RAW DATA:

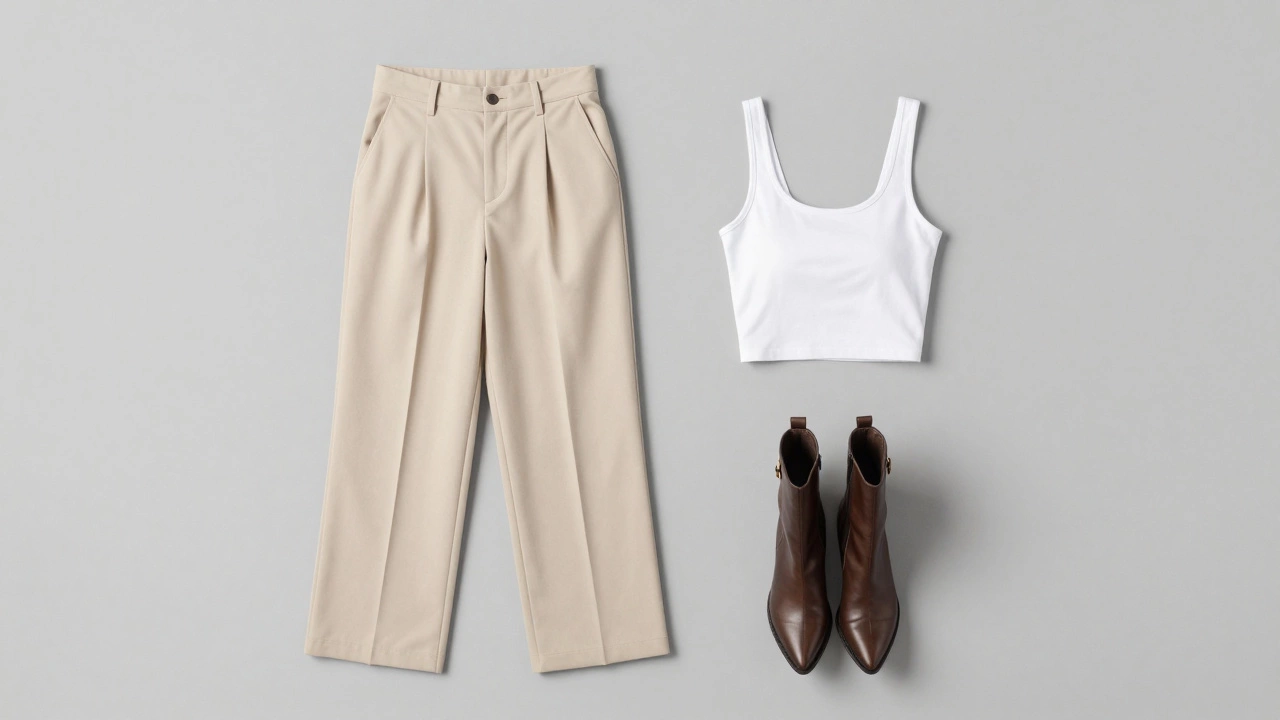 A flat lay of wide-leg trousers, a fitted top, and boots showing a balanced outfit silhouette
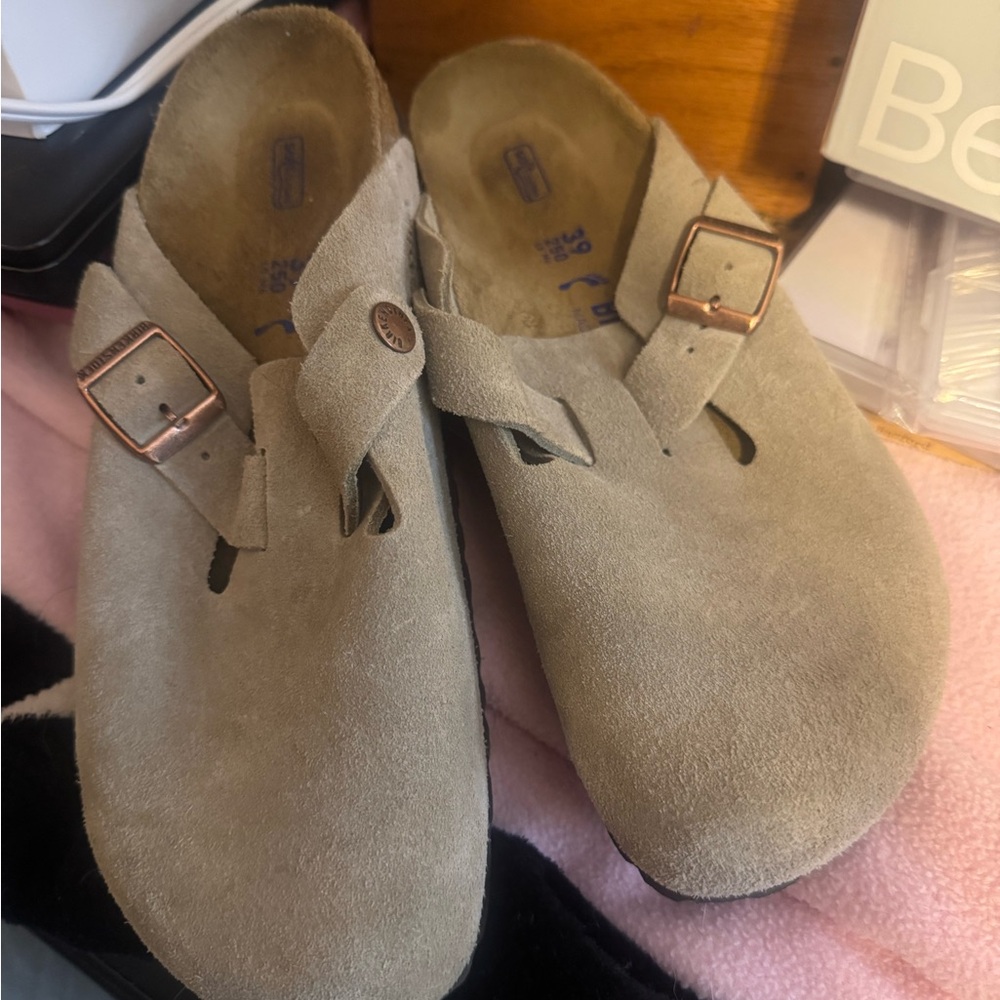 Birkenstock Beige Suede Clogs with Rose Gold Buckles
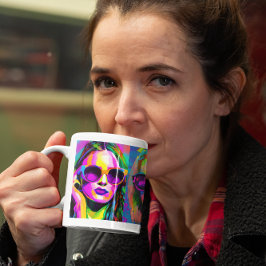 Farbige Abstrakte digitale Kunst | Frauen in der S Kaffeetasse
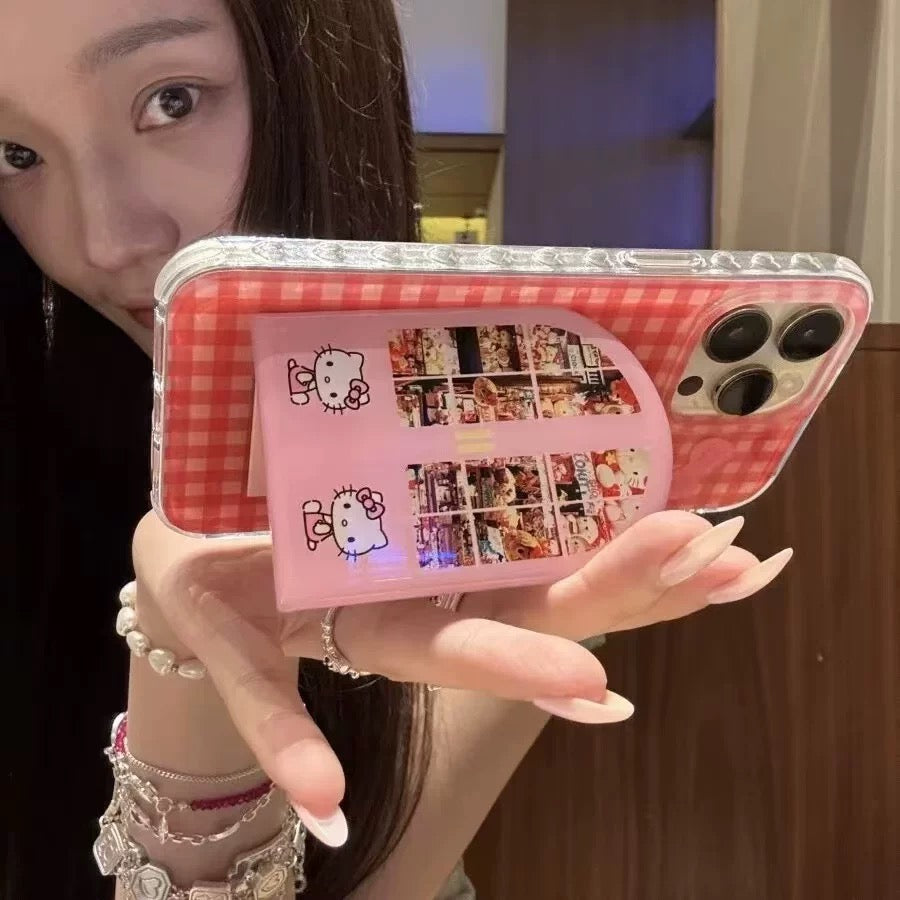 Android Flip Cover Kitty Cat Mirror Stand Phone Case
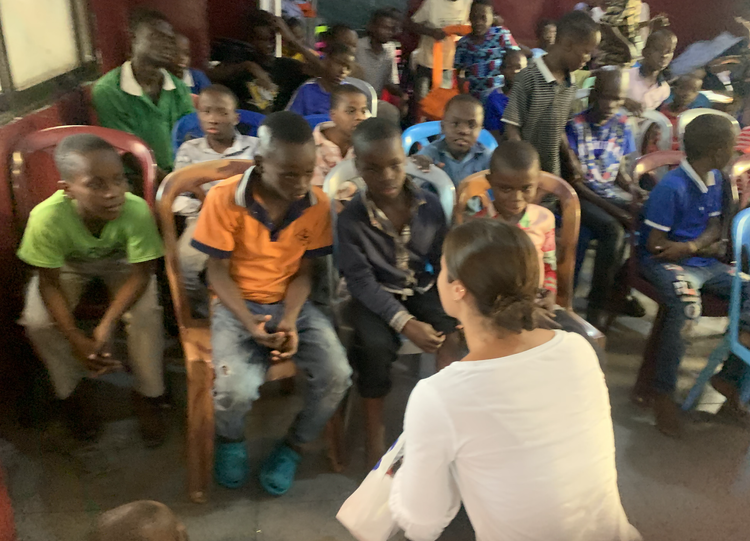 Children gathered at a partner program.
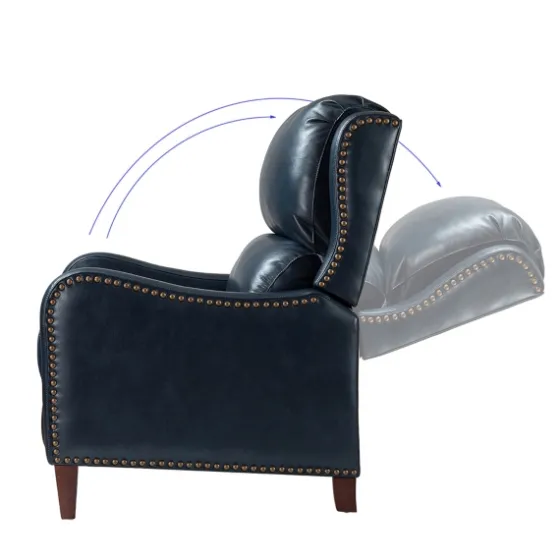 Navy Leather Nailhead Traditional Recliner-Kirkland's Home Cheap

TASK DIRECTIONS:
Nothing but the lines from the line containing "Farbige Abstrakte digitale" through the last line of the records above should be written out, exactly and without the pictures.

EXERCISE ANSWER:
 Farbige Abstrakte digitale Kunst | Frauen in der S Kaffeetasse
 Android Flip Cover Kitty Cat Mirror Stand Phone Case
 Children gathered at a partner program.
 Navy Leather Nailhead Traditional Recliner-Kirkland's Home Cheap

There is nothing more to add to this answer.